Write the listing out again word for word, skipping each picture.
EXTRACTED INFORMATION START
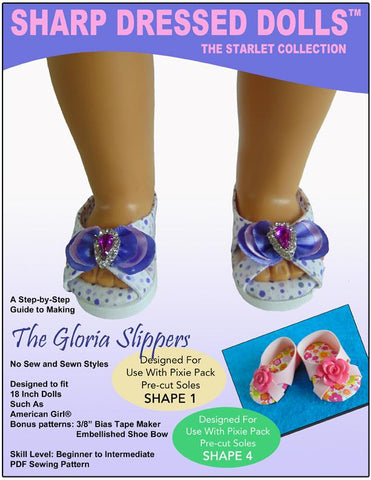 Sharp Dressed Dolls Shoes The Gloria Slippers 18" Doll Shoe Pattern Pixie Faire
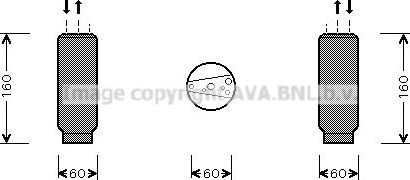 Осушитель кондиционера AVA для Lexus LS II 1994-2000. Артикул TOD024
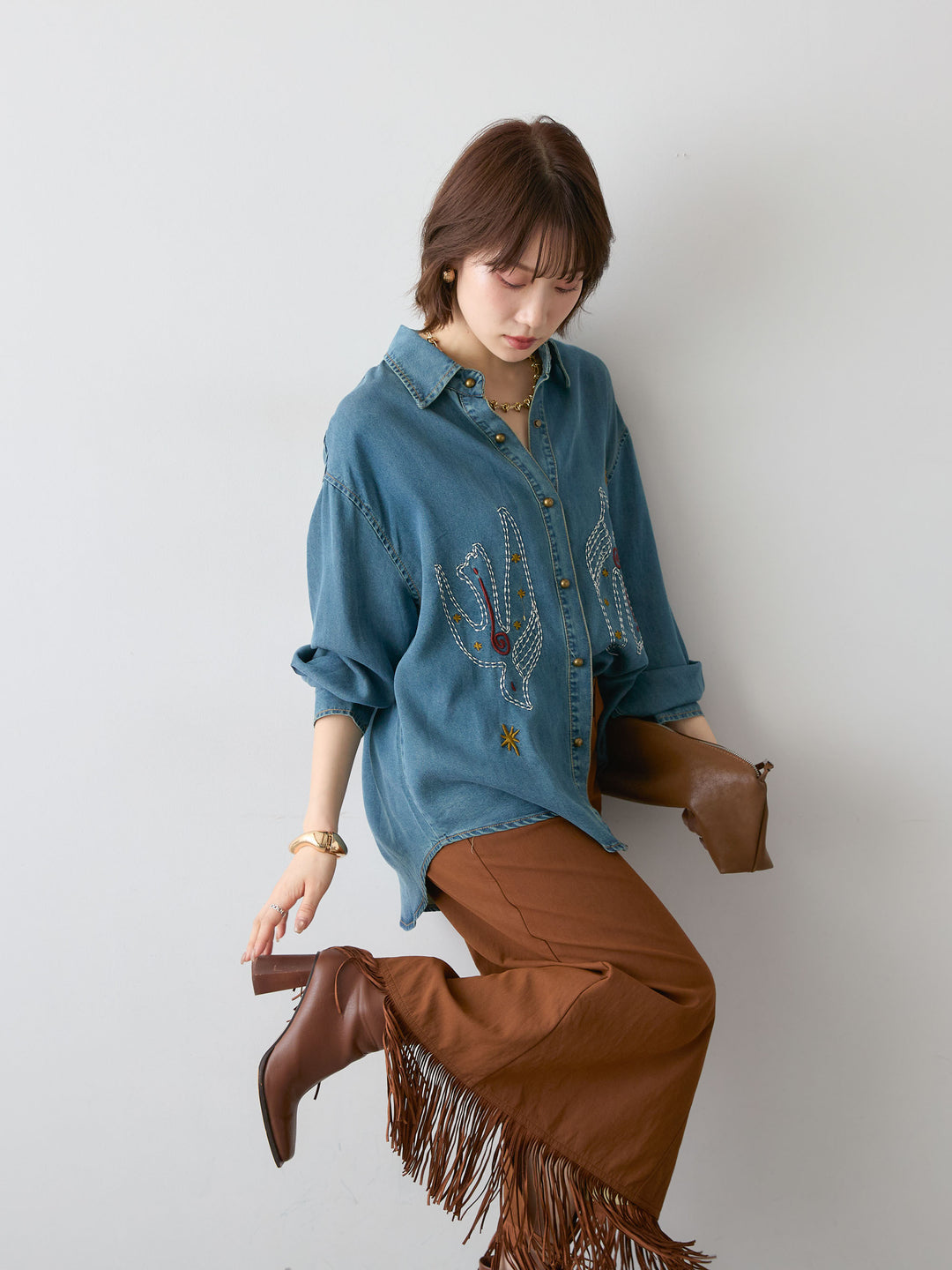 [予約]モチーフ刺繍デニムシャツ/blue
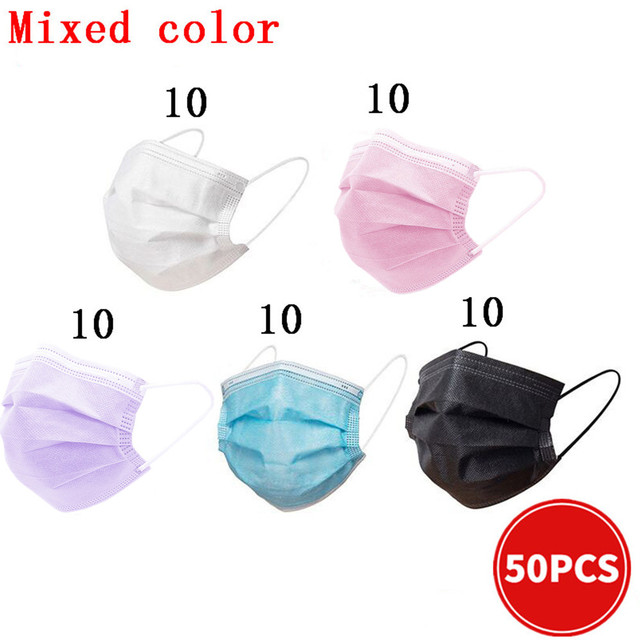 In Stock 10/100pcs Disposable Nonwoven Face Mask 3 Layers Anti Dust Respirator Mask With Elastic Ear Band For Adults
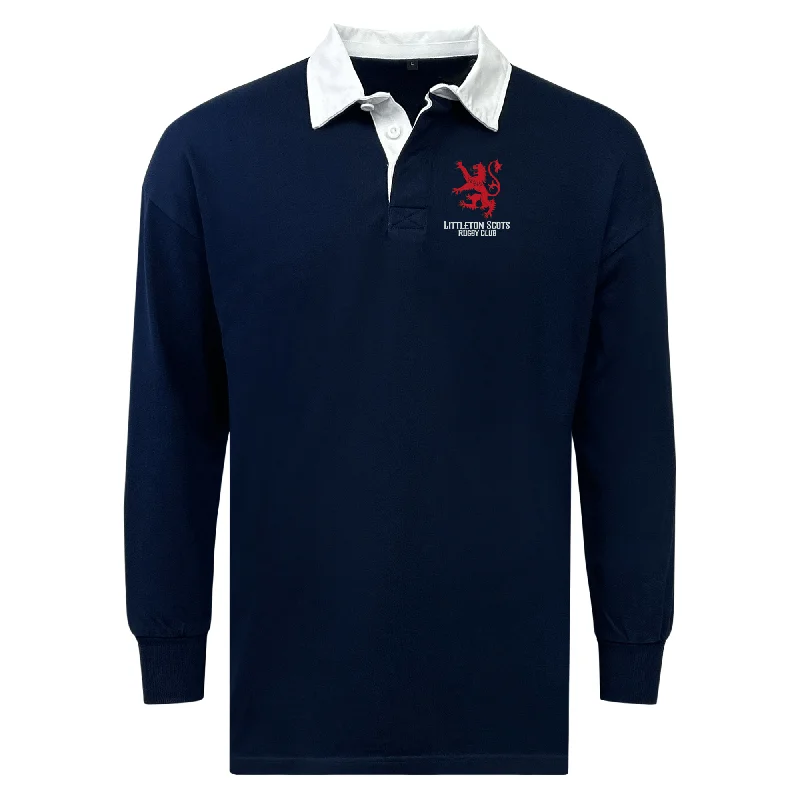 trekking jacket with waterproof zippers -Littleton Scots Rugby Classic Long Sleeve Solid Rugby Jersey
EXTRACTED INFORMATION END
RESPONSE:
 Sharp Dressed Dolls Shoes The Gloria Slippers 18" Doll Shoe Pattern Pixie Faire
 Осушитель кондиционера AVA для Lexus LS II 1994-2000. Артикул TOD024
 [予約]モチーフ刺繍デニムシャツ/blue
 In Stock 10/100pcs Disposable Nonwoven Face Mask 3 Layers Anti Dust Respirator Mask With Elastic Ear Band For Adults
 trekking jacket with waterproof zippers -Littleton Scots Rugby Classic Long Sleeve Solid Rugby Jersey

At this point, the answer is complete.